> Exercise goal:
Reproduce word for word the lines between those holding "AEG Series 7000" and "엠티브이14로 이미지", inclusive, and nothing else from the data below.

> Listed entries:

_ _ _ _

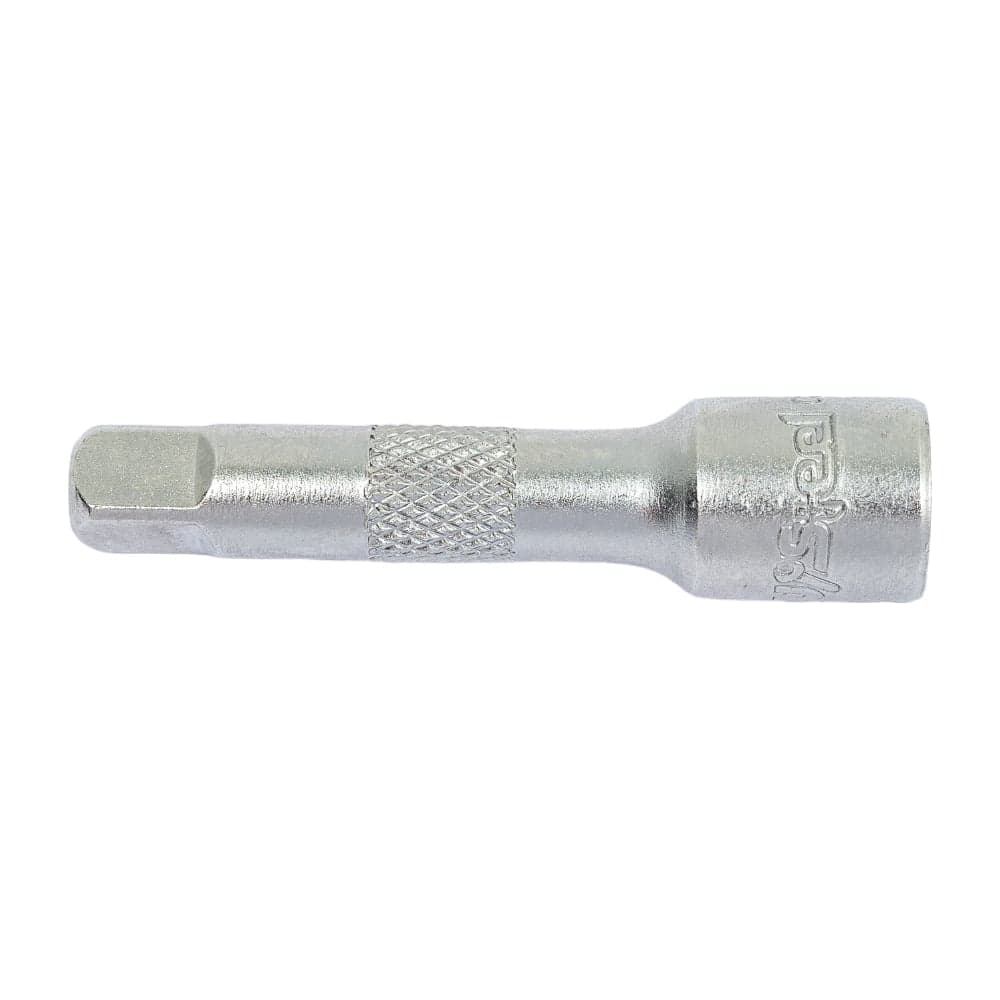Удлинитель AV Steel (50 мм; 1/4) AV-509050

_ _ _ _

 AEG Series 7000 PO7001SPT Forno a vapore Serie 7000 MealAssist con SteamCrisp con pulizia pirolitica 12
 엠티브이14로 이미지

_ _ _ _

> Written answer:
 AEG Series 7000 PO7001SPT Forno a vapore Serie 7000 MealAssist con SteamCrisp con pulizia pirolitica 12
 엠티브이14로 이미지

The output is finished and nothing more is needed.